Wednesday, August 10, 2011

Humbled


G. K. Chesterton,
The sun rises every morning. I do not rise every morning; but the variation is due not to my activity, but to my inaction. Now, to put the matter in a popular phrase, it might be true that the sun rises regularly because he never gets tired of rising. His routine might be due, not to a lifelessness, but to a rush of life.

The thing I mean can be seen, for instance, in children, when they find some game or joke that they specially enjoy. A child kicks his legs rhythmically through excess, not absence, of life. Because children have abounding vitality, because they are in spirit fierce and free, therefore they want things repeated and unchanged. They always say, "Do it again"; and the grown-up person does it again until he is nearly dead. For grown-up people are not strong enough to exult in monotony. But perhaps God is strong enough to exult in monotony.
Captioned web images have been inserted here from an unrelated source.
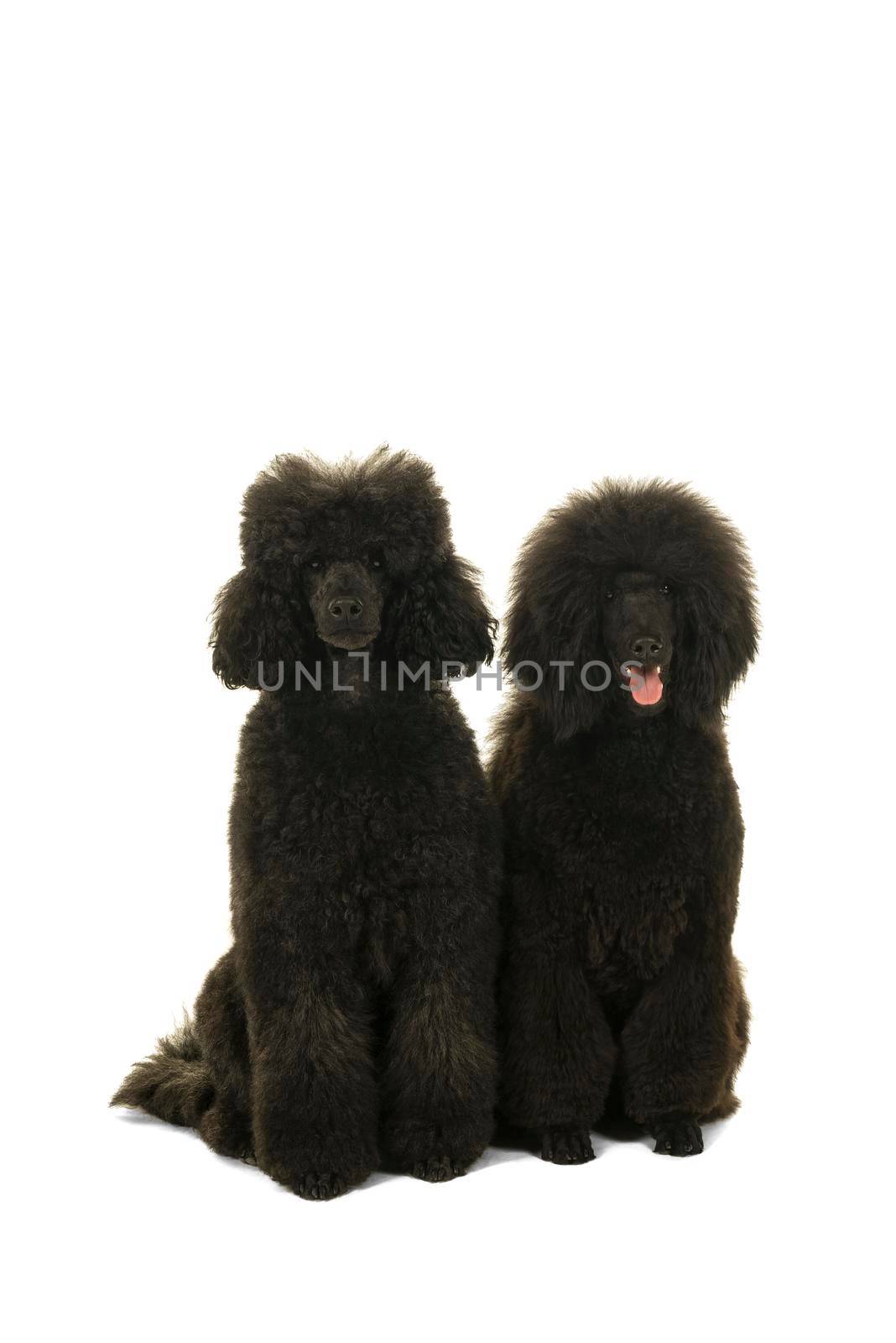 Two black king poodles isolated in white by LeoniekvanderVliet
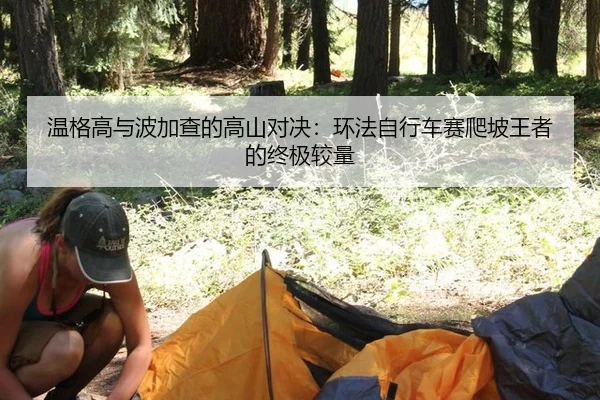 温格高与波加查的高山对决：环法自行车赛爬坡王者的终极较量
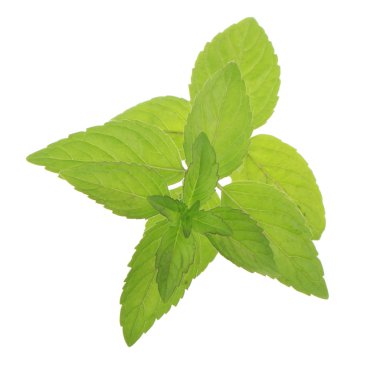 beyaz arka plan üzerinde izole yeşil yaprakları ile nane bitki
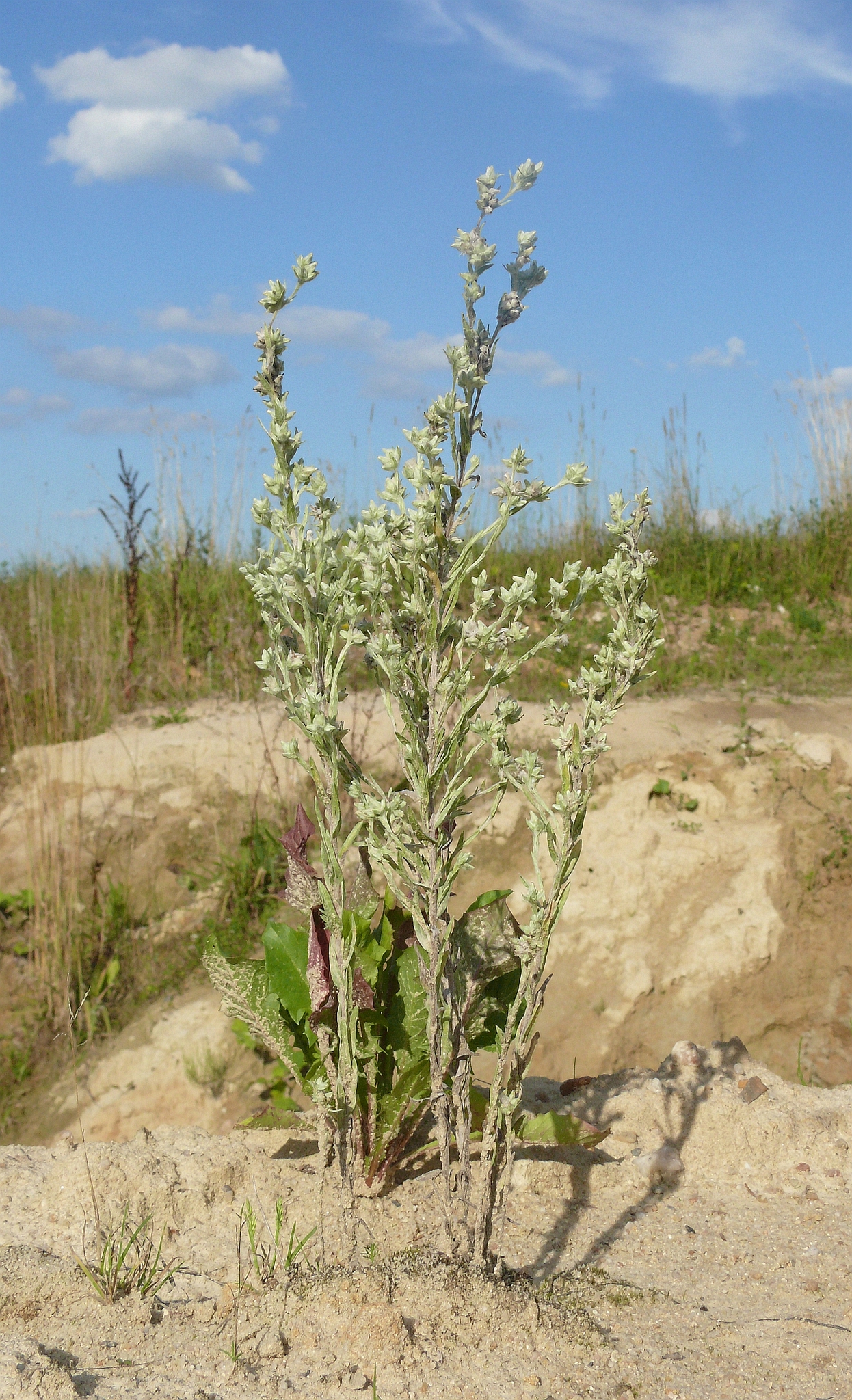 Logfia arvensis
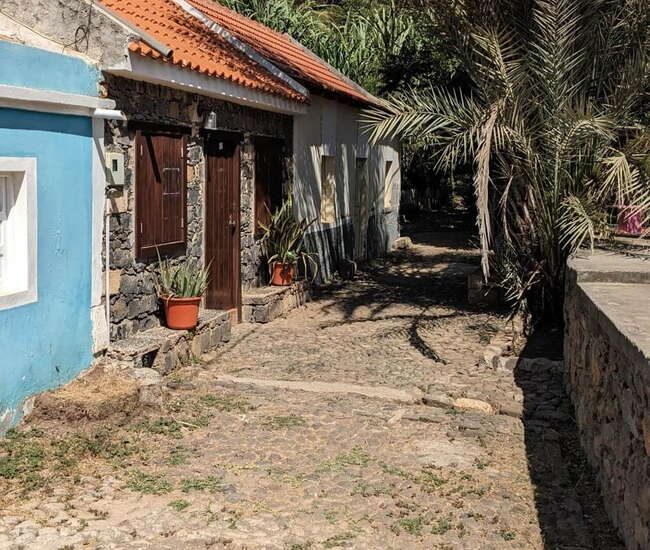 Gepflasterte Gasse zwischen Häusern und Palmen in Cidade Velha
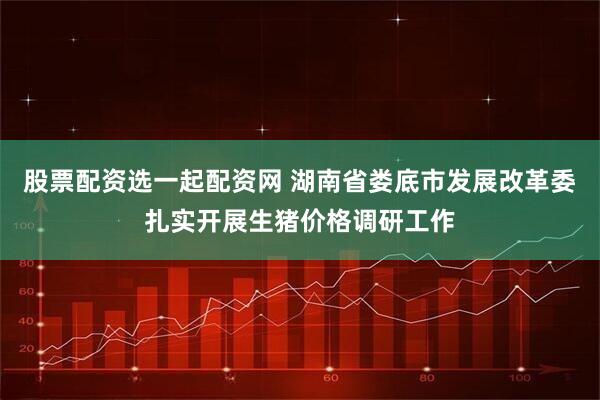 股票配资选一起配资网 湖南省娄底市发展改革委扎实开展生猪价格调研工作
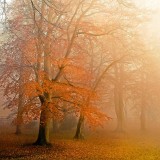 Autumn mist (2288)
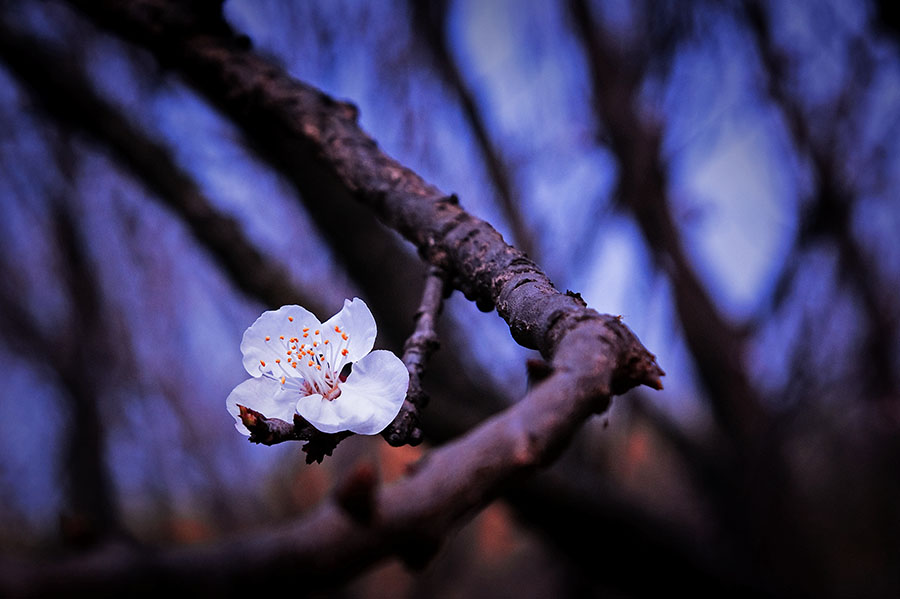 几朵小花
It is possible that God says every morning, "Do it again" to the sun; and every evening, "Do it again" to the moon. It may not be automatic necessity that makes all daisies alike; it may be that God makes every daisy separately, but has never got tired of making them. It may be that He has the eternal appetite of infancy; for we have sinned and grown old, and our Father is younger than we. The repetition in Nature may not be a mere recurrence; it may be a theatrical encore.
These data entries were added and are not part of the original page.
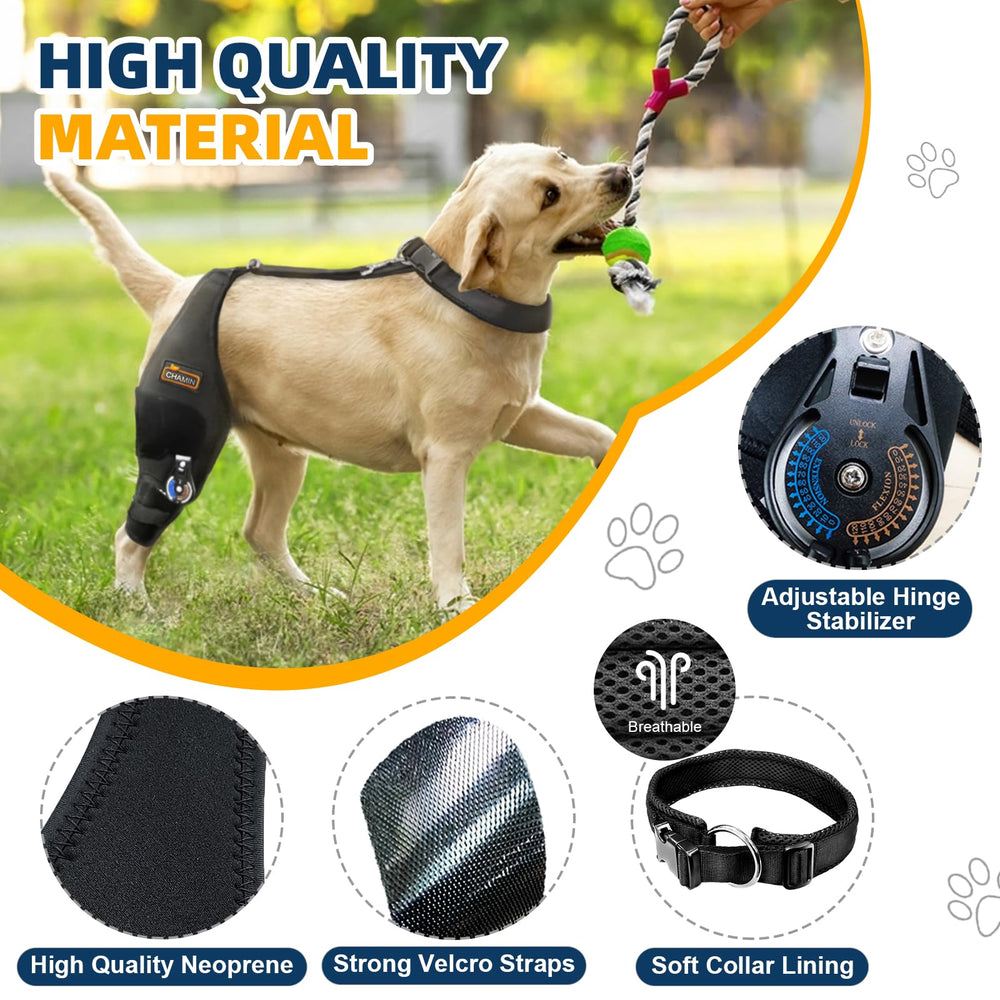 CHAMIN Rodillera Ajustable para Perro Derecha: materiales ligeros y transpirables para uso diario.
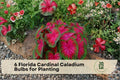 6 Florida Cardinal Caladium Bulbs for Planting – Vibrant Red Foliage, Tropical Shade Garden, Container Planting, Caladium spp.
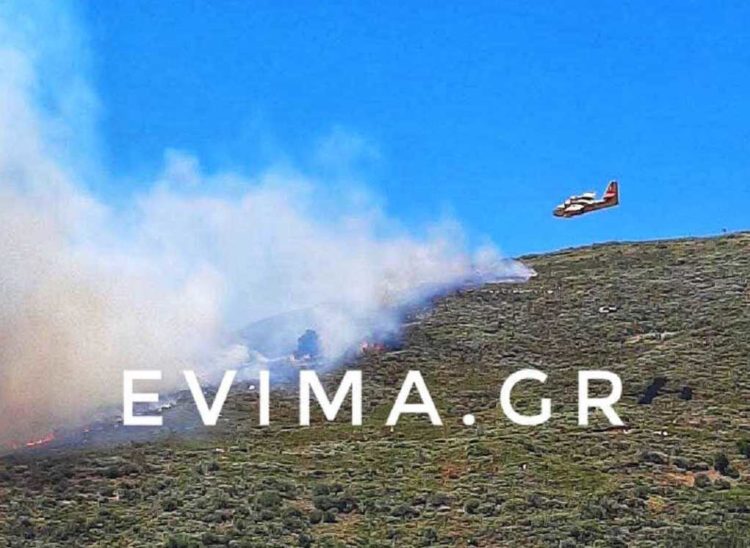 Φωτιά στην Κάρυστο: Υποψίες για εμπρησμό – Συνεχίζεται η κατάσβεση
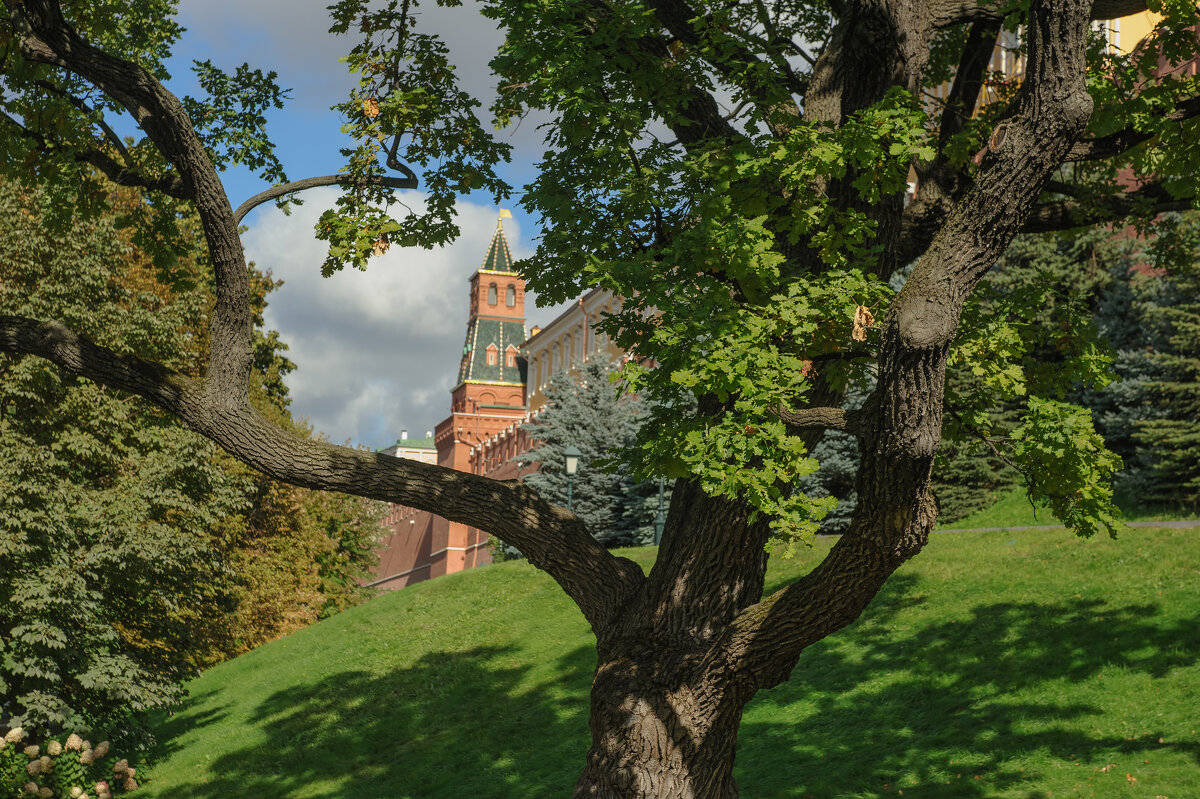 Старый дуб. - Николай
How beautiful every sunrise and sunset is, so beautiful that I am often brought to my knees in awe. I will never be able to achieve such beauty, wonderment, and perfection in my own art, and so how much more inspiring are those things which are consistently beautiful. To have so much life in every repetition, to have so much energy in every good thing that it never gets old, or that maybe its age strengthens its beauty. It's timelessness, evidenced by its energy, raises against the fickle human a bulwark that is either awful or comforting, and always strong.

Such is the sun.

How much more is its Creator? And how much more that this Creator raises His bulwark on which you lean comfortably against the onslaught of the wicked powers that claw almost as restlessly against you. How much more that the work is finished, is finishing, and will be finished inside of you, the broken and the battered. Such is the difficulty of trashing the sandy hut of your flesh, and instead calling that infinite Bastion standing incomparably taller than the opposition, home.